A developer stores API keys by hashing them with SHA-256 before storing in the database. They argue this is as secure as bcrypt because "SHA-256 is a strong algorithm." Explain precisely why SHA-256 is the wrong choice for this use case, and what the correct approach is. Include specific attack rates.

Reveal Answer & Explanation

Answer: SHA-256 is wrong for credential storage because it is designed to be fast enabling brute-force at billions of hashes/second. bcrypt or Argon2 are correct because they are deliberately slow.

Explanation:

Speed comparison GPU brute force rates (RTX 4090):

Algorithm	Hashes/second	Time to crack 8-char lowercase hash
MD5	~164 billion/sec	< 1 second
SHA-256	~23 billion/sec	~2 seconds
bcrypt (cost 12)	~184,000/sec	~48 years
Argon2id	~1,000/sec	Astronomical

SHA-256 was designed for speed it is used to hash gigabytes of data quickly for integrity verification. 23 billion guesses/second means an 8-character API key using only lowercase letters (26^8 = 208 billion combinations) is cracked in under 10 seconds on a single GPU.
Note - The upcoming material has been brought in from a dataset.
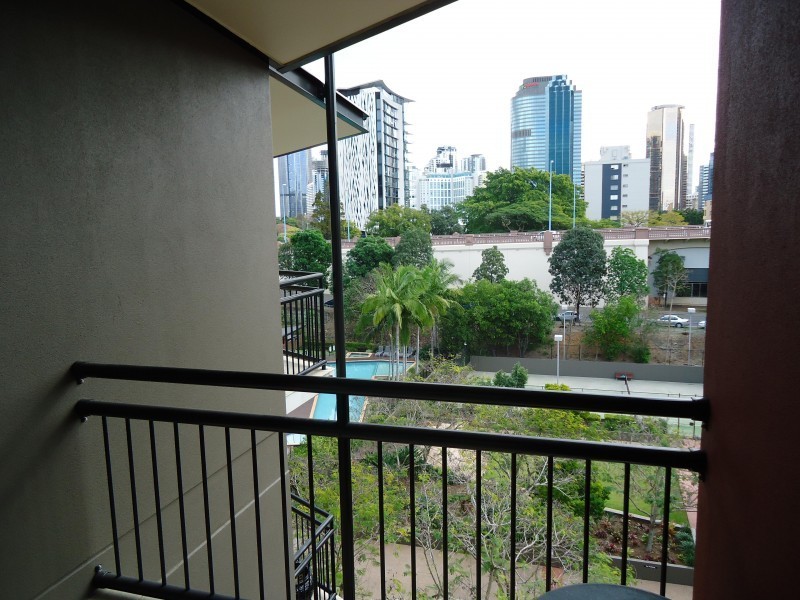 15 Goodwin Street, Kangaroo Point QLD 4169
Additional problem no salt:

Without a salt (random bytes added to each credential before hashing), identical inputs produce identical outputs. An attacker can precompute rainbow tables billions of hash→plaintext mappings and look up any credential in the database instantly.

The correct approach:

# Correct: Argon2id with salt (Argon2 handles salt internally)
from argon2 import PasswordHasher

ph = PasswordHasher(
    time_cost=3,          # 3 iterations
    memory_cost=65536,    # 64MB RAM per hash  GPU has limited VRAM per thread
    parallelism=2,        # 2 threads
    hash_len=32,
    salt_len=16
)

# Store this in the database
api_key_hash = ph.hash("sk-prod-xK9mN2pQr7vL")

# Verify: Argon2 extracts salt, parameters from the hash string automatically
is_valid = ph.verify(api_key_hash, "sk-prod-xK9mN2pQr7vL")

Better still for API keys: Hash them with HMAC-SHA256 using a server-side secret:

import hmac, hashlib, os, secrets

# Generate API key
raw_key = secrets.token_urlsafe(32)    # Show to user once

# Store HMAC (keyed hash) in DB  requires knowledge of SERVER_SECRET to crack
server_secret = os.environ['API_KEY_SECRET']
stored_hash = hmac.new(server_secret.encode(), raw_key.encode(), hashlib.sha256).hexdigest()

This uses a server-side key, meaning an attacker who steals the database cannot brute-force without also stealing the server secret.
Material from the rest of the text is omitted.